Crawled caption data:
● ● ● ●

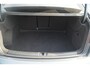 Audi A3 Limousine 30 TFSI 116pk Sport Lease Edition | Sportstoelen | Navigatie | Getint Glas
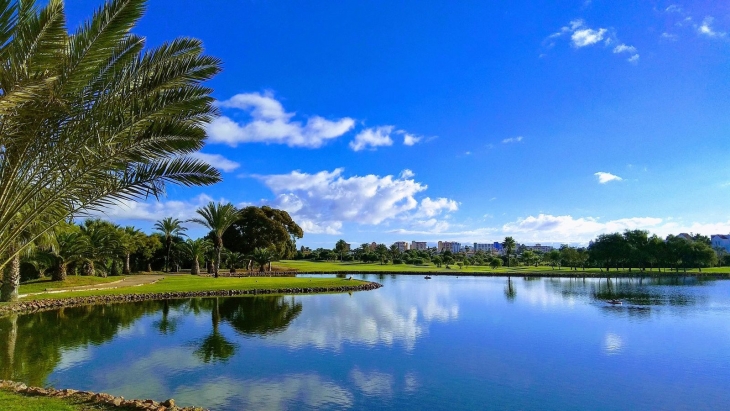 | Foto: https://www.diariodealmeria.es/deportes/golf-playa-serena-roquetas-alps_0_2005854854.html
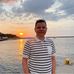 Daniel Bernat - Facebook
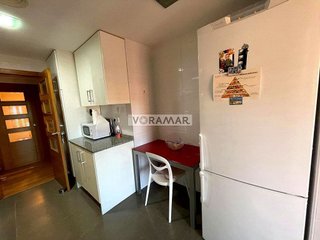 Piso en venta en La Patacona en Alboraya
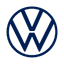 VW logo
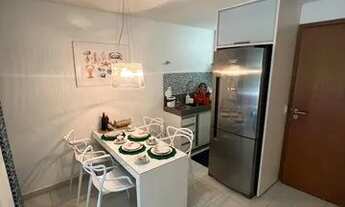 Imagem 3: Flat no carneiros beach resort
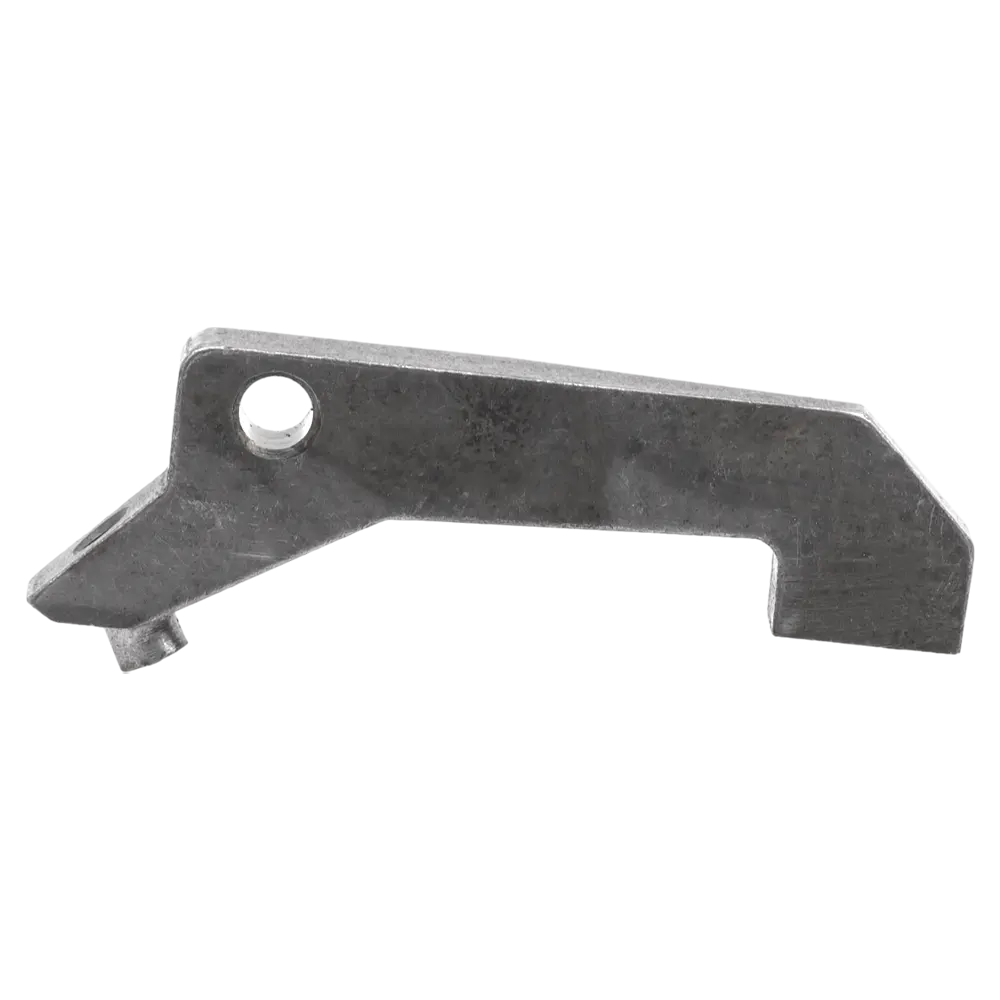 Шептало правое Fausti Volo, Elegant (один спусковой крючок). Фото №2 Шептало правое Fausti Volo, Elegant (один спусковой крючок). Фото №2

● ● ● ●

__Your assignment__: Output each record above exactly as written. Skip any pictures.

__Completed exercise__:
 Audi A3 Limousine 30 TFSI 116pk Sport Lease Edition | Sportstoelen | Navigatie | Getint Glas
 | Foto: https://www.diariodealmeria.es/deportes/golf-playa-serena-roquetas-alps_0_2005854854.html
 Daniel Bernat - Facebook
 Piso en venta en La Patacona en Alboraya
 VW logo
 Imagem 3: Flat no carneiros beach resort
 Шептало правое Fausti Volo, Elegant (один спусковой крючок). Фото №2 Шептало правое Fausti Volo, Elegant (один спусковой крючок). Фото №2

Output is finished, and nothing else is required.